**Data shown:**
• • • • • • •
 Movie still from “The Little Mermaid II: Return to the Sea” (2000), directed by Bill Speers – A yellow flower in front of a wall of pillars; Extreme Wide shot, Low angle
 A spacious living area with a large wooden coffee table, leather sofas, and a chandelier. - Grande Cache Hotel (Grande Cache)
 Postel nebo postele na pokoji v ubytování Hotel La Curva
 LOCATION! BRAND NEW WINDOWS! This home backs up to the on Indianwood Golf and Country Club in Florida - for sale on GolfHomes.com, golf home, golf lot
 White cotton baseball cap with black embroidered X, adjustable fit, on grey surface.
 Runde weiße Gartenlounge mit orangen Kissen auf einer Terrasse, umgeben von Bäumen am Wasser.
• • • • • • •
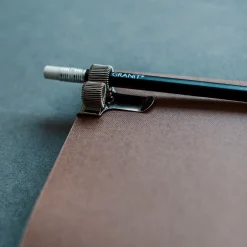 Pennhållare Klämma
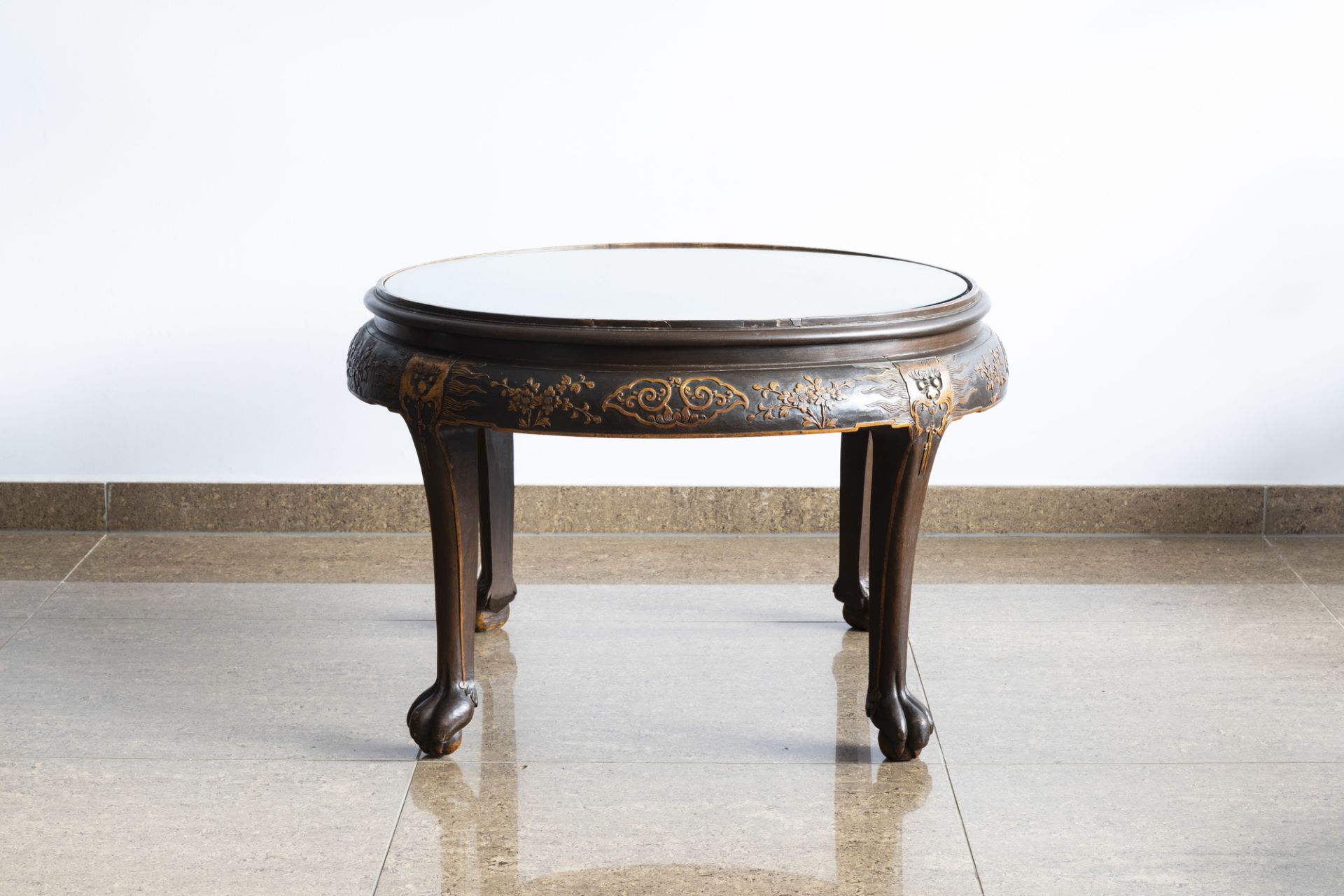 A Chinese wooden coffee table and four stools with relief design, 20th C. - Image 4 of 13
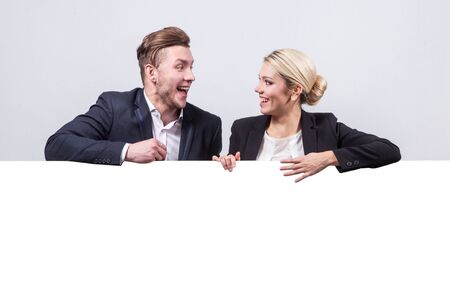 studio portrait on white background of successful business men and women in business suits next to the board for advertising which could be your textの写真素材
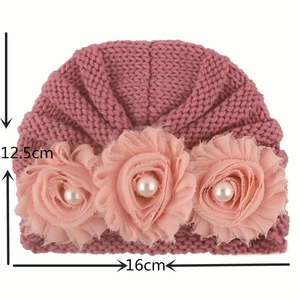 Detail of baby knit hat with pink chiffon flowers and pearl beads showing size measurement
• • • • • • •
**Requirement:** From the records above, return each line where "Hotel" occurs.

**Output of the exercise:**
 A spacious living area with a large wooden coffee table, leather sofas, and a chandelier. - Grande Cache Hotel (Grande Cache)
 Postel nebo postele na pokoji v ubytování Hotel La Curva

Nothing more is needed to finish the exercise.